I don’t understand the part where you say that my view is narrow. I am talking about a specific kind of data scraping. I’m not sure what I’ve said that has lead you and a few other people to believe I’m necessarily worried about people getting hold of “my data”.

Am I just expressing myself badly here?

As for the rate limiting, that’s closer to what I wanted to know. Thanks.

FaceDeer@fedia.io · 2 hours ago

Your original post didn’t specify a particular kind of data scraping. TropicalDingdong had no way to know you were only specifically interested in that one kind of data scraping, so his comment is appropriate - you can’t stop data scraping in general, and attempting to do so in the general case goes directly against the goal of ActivityPub.

thesharky@piefed.blahaj.zone · 2 hours ago

I guess. But that was an assumption on you guys’ part as well. Not that there’s anything wrong with that.

I’m curious about the “in general” part, though. Maybe that’s a part of the philosophy I don’t quite understand yet, but how’s the kind of scraping that I mentioned any good? Or is that not the right question to ask?

FaceDeer@fedia.io · 2 hours ago

I didn’t say anything about the “prevent instances from being overloaded” part being good or bad. I didn’t even give an opinion on ActivityPub, just pointed out the practical limitations and incompatible design goals.

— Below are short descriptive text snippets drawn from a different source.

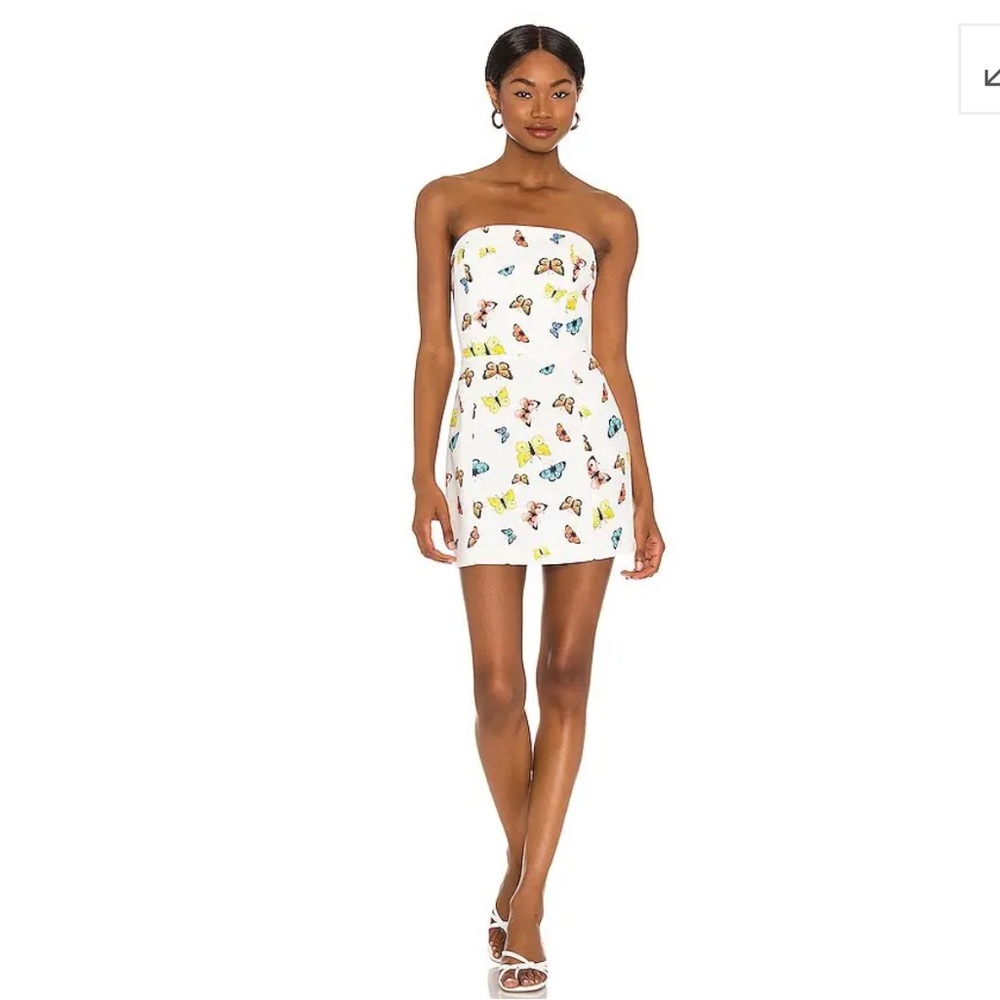 X Mandy butterfly dress Amanda uprichard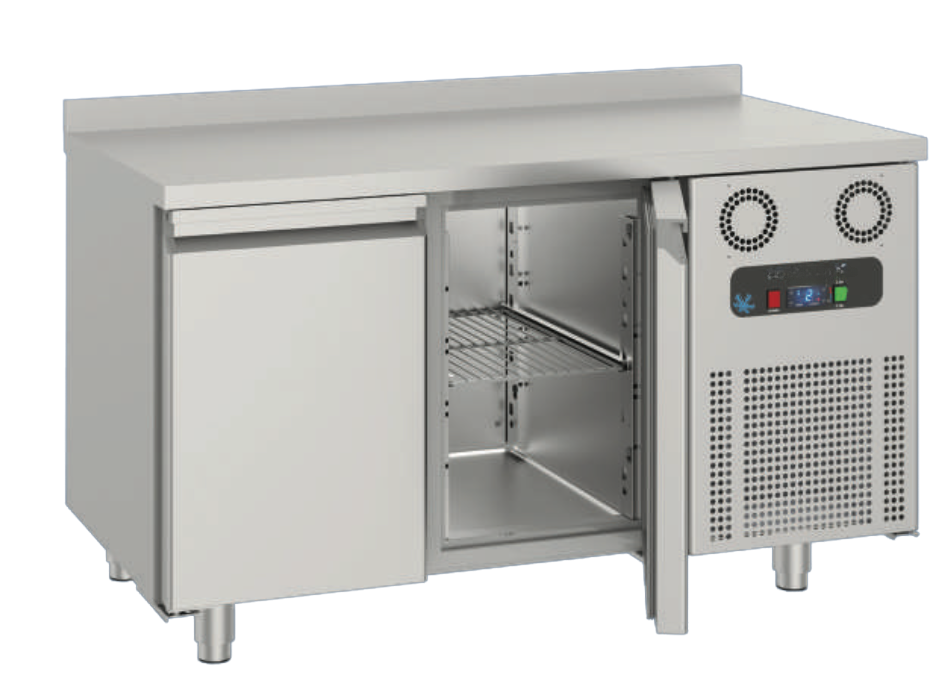 İnoksan INT-FR0035 İki Kapılı Tezgah Tipi Eko Buzdolabı 140*70*85 cm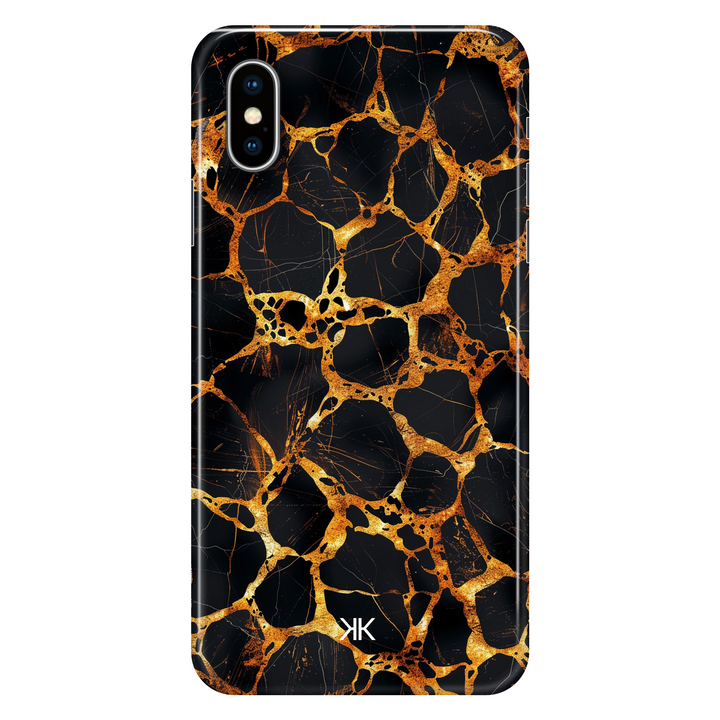 Tortoiseshell phone case for iPhone X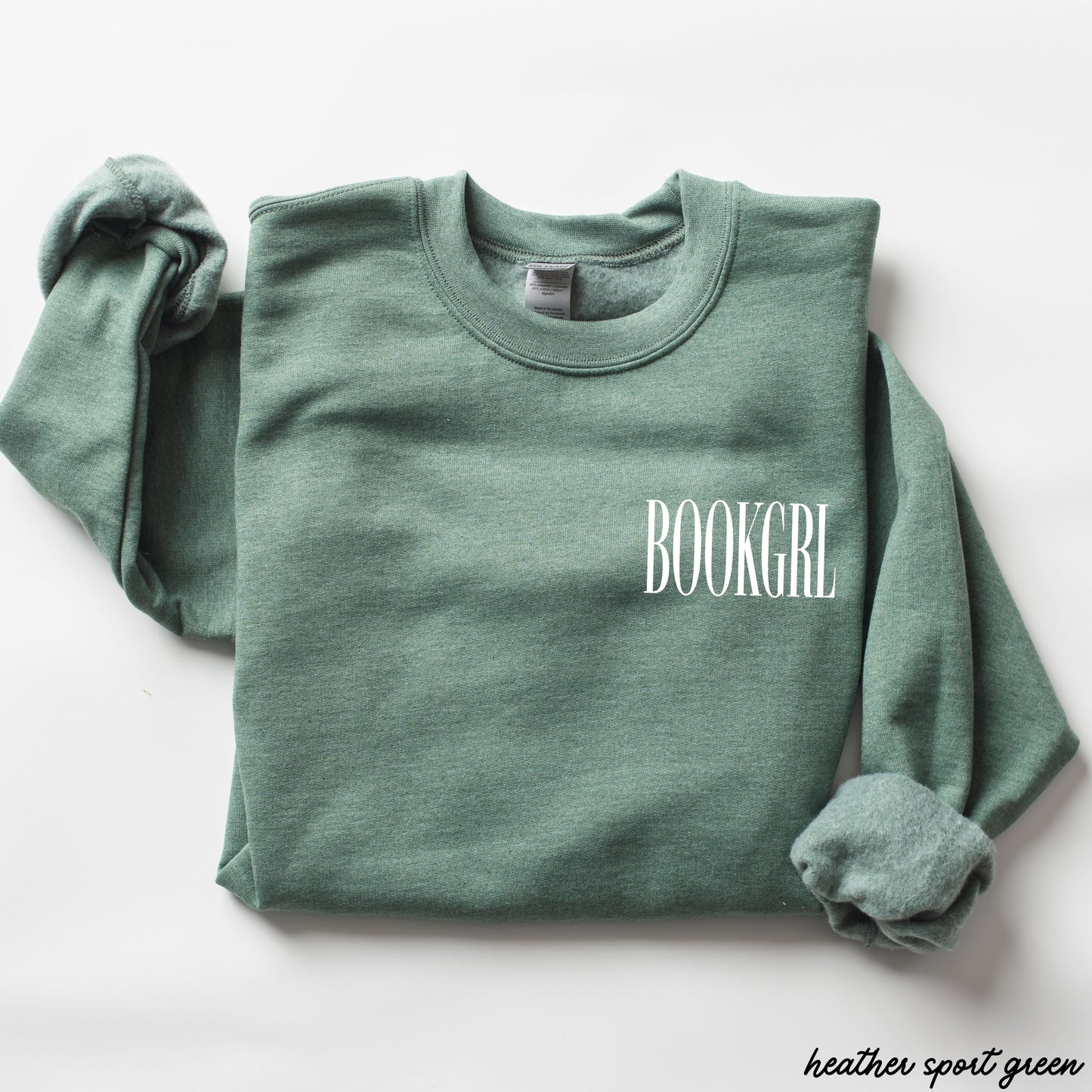 Bookgrl Sweatshirt *9 Colors (S-3X)
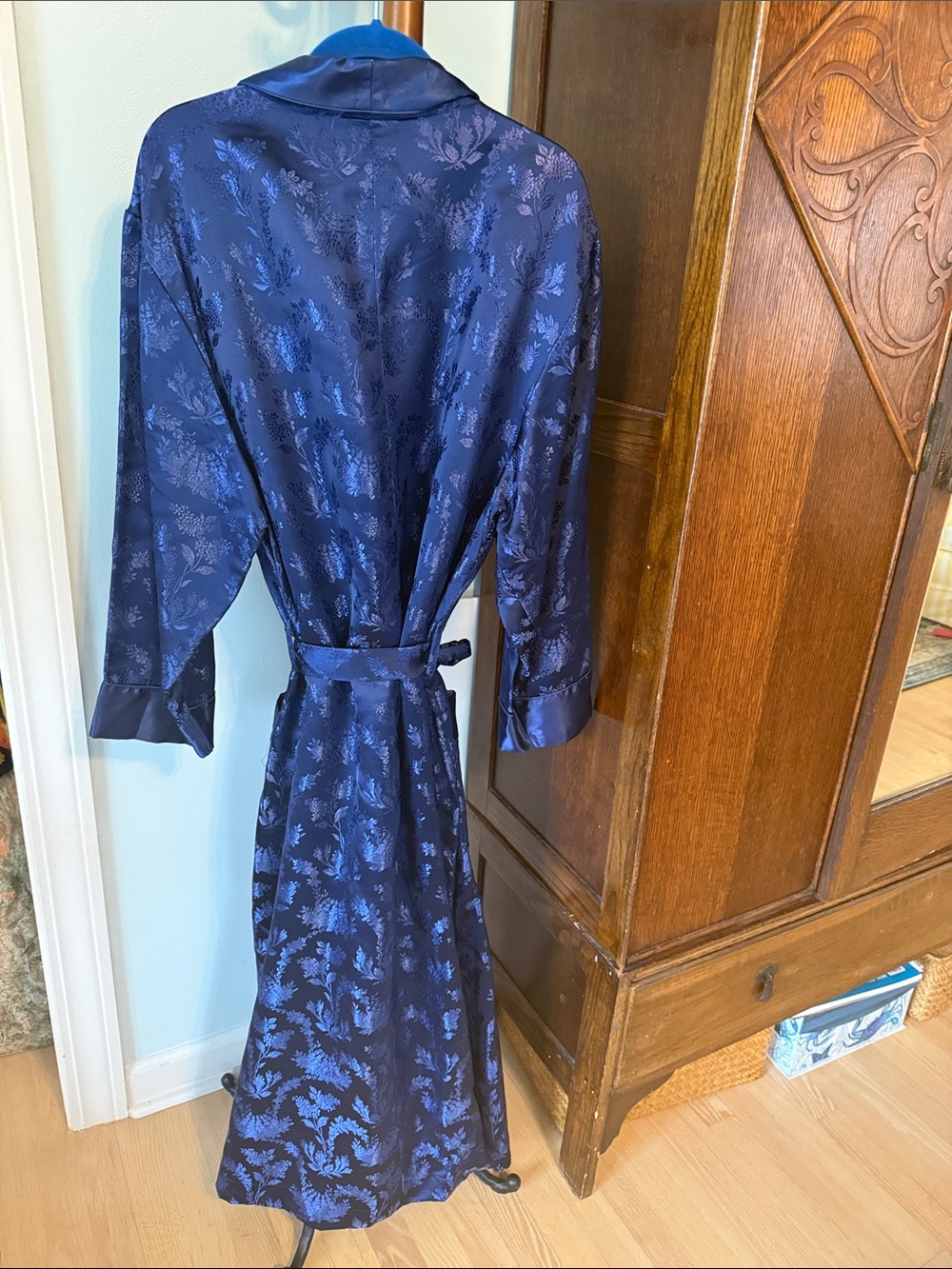 Vintage April Cornell Robe - Picture 4 of 5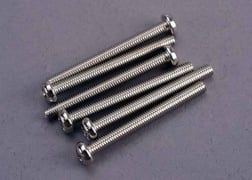 2572 SCREWS 3X30MM RNDHD MCH(6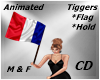 CD Flag Francia Poses MF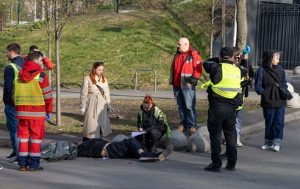 Стельба в Киеве: в госпиталях пребывают восемь пострадавших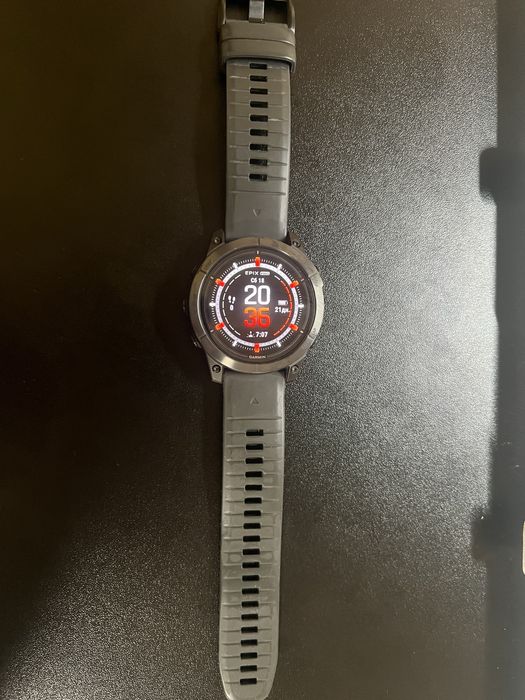 Годинник Garmin Epix Pro (Gen 2) Sapphire | 47 мм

Personally, I’ve got no problem with websites implementing rate caps and whatnot to ensure that their traffic remains within the limits they can handle, or throttling specific IPs. I am very concerned with how Cloudflare in particular has become the single centralized “gatekeeper” for vast swaths of the Internet, though. If they decide that some particular client isn’t allowed to see stuff then poof, a big chunk of the Internet is cut off. That’s worrisome IMO.